The ‘prevailing orthodoxy’ (or ‘the zeitgeist’) is much like a rainbow: wherever you happen to stand, it always seems to be somewhere else. The term would never be used in sentences like: ‘My own views are fully in accordance with the prevailing orthodoxy’, which sounds just as unlikely as ‘that rainbow here right next to me’.
But with all that in mind, I would have thought that in our day and age, climate alarmists could not possibly present their position as somehow challenging or thought-provoking. The Fairness Instinct, a new book by the Fabian Society, does just that.
The book presents the results of qualitative research, based on focus group interviews and discussions, on what drives attitudes towards environmental policies. The results are then converted into policy implications. The two central outcomes are:
- Climate policies are not sufficiently coercive, and
- The terms in which they are presented are not sufficiently moralistic.
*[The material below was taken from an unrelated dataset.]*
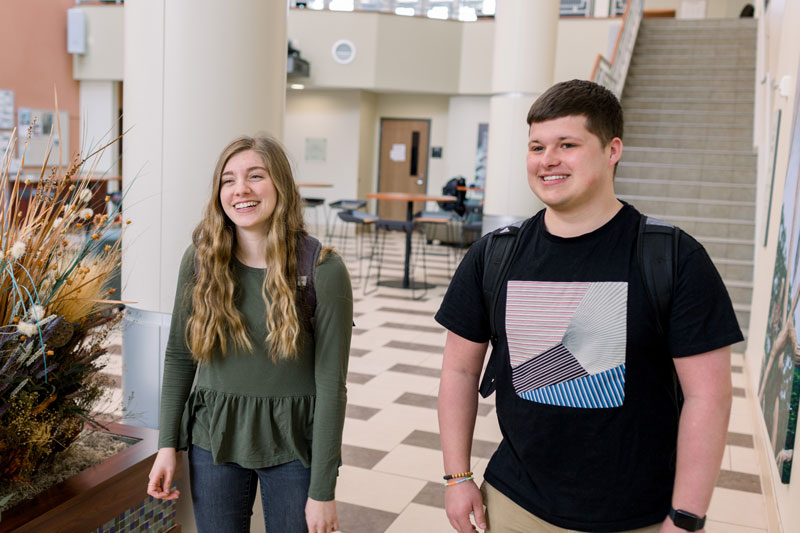 Two students smiling and standing in Euler Atrium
The first finding is that even people who express a strong commitment to cutting their carbon emissions will generally fail to do so if they believe others are not doing the same. When it comes to changing lifestyles for the sake of the environment, people are so upset by free-riding that even a small number of free-riders can undermine everybody else’s willingness to cooperate: ‘The corollary to “I will if you will” is the paralysis implied by “I won’t until everyone else does”’ (p. 62). Or more to the point: ‘The Fabian research reveals that policy should be less about “nudging”, more about “pushing”, “kicking” and “shoving”. This was linked to respondents wanting to do the right thing [...] but worrying that others would shirk their responsibilities and free-load’ (p. 67).
The second finding is that policymakers should stop trying to pitch carbon reduction strategies, such as home insulation or car-sharing, as a financially smart thing to do. Even if this strategy increased take-up in the short-run, it is argued, it is damaging to the cause in the longer run. Why? Because it appeals to selfish instincts. It is a strategy that takes place within the mindset of consumerism, which is precisely what needs to be overcome. It sends out the signal that it is OK to care about your wallet, that it is fine to be concerned about your personal finances – exactly the kind of mentality that the public has to be weaned off. So the message has to be ‘you’re evil if you fail to do X’, rather than ‘X will save you some money’.
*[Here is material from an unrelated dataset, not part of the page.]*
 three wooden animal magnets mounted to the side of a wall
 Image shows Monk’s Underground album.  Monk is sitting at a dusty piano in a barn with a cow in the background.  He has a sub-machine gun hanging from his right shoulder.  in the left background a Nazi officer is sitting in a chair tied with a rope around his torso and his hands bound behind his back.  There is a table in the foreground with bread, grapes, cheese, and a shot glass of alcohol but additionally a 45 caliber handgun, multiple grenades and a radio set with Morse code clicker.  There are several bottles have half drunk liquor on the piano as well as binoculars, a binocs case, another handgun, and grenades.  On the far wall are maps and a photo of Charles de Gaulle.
Where have these people been over the past fifteen years? On the planet that I inhabit, the public has been scared witless over climate change, encouraged to feel guilty about almost everything. It was only when climate alarmism had fully gone mainstream that some politicians tried to phrase things in a more palatable language, trying to sound more positive and less miserable. But for the most part, the whole narrative of climate change has been one of guilt, fear and shame, not of saving £17.30 through installing treble-glazing.
Secondly, what exactly is ‘voluntary’, or mere nudging, in the current array of climate policies? Air passenger duty is not voluntary. Fuel duties are not voluntary. The subsidisation of renewable energy, slapped on electricity bills, is not voluntary. The cost of the European Union Emissions Trading Scheme, slapped on the prices of many goods and services, is not voluntary either. As Matthew Sinclair shows, most green taxes and quasi-taxes are already above the most pessimistic estimates of the marginal social cost of carbon, so on Pigouvian grounds, they’re too high. And then there’s the knock-on cost of environmental regulation.
But there is one set of readers to whom I would still recommend the book: those who still delude themselves into believing that there is any conceivable level of green taxation and lifestyle regulation which environmentalists would ever consider ‘sufficient’.